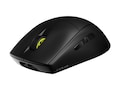 Corsair CORSAIR M75 GAMING MOUSE, OPTI, CH-930D010-NA , 41943242, Mice & Cursor Control Devices Corsair CORSAIR M75 GAMING MOUSE, OPTI, CH-930D010-NA , 41943242, Mice & Cursor Control Devices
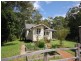 Lot 7/262a Sunrise Road, Doonan QLD 4562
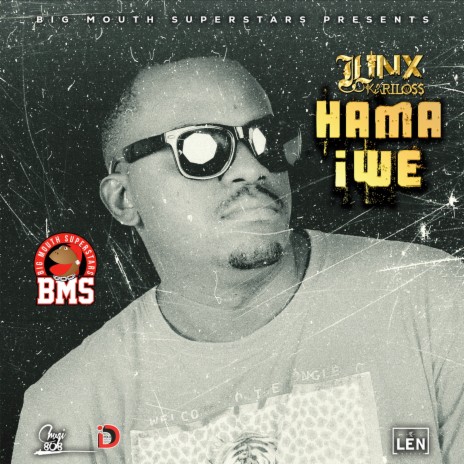 Hama Iwe | Boomplay Music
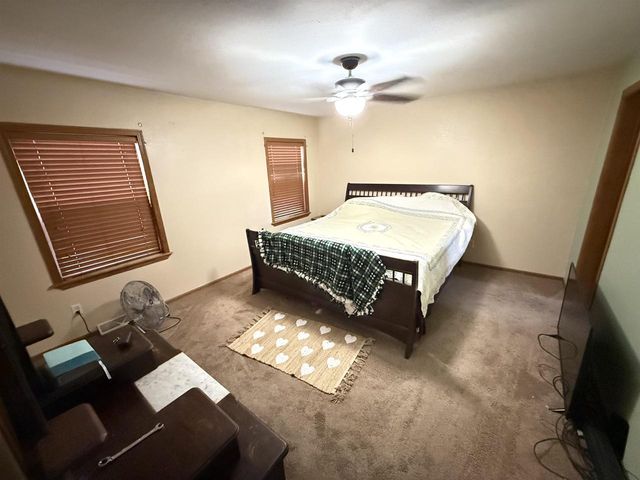 N115W21106 Brookside Circle, Germantown, WI 53022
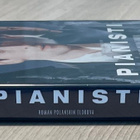 Roman Polanski: PIANISTI (2002) Erikoispainos (2DVD) *UUSI* - pikkukuva 3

○ ○ ○

Only an exact copy of the records, free of images, belongs in the answer.

**RESPONSE TO THIS TASK:**
 Corsair CORSAIR M75 GAMING MOUSE, OPTI, CH-930D010-NA , 41943242, Mice & Cursor Control Devices Corsair CORSAIR M75 GAMING MOUSE, OPTI, CH-930D010-NA , 41943242, Mice & Cursor Control Devices
 Lot 7/262a Sunrise Road, Doonan QLD 4562
 Hama Iwe | Boomplay Music
 N115W21106 Brookside Circle, Germantown, WI 53022
 Roman Polanski: PIANISTI (2002) Erikoispainos (2DVD) *UUSI* - pikkukuva 3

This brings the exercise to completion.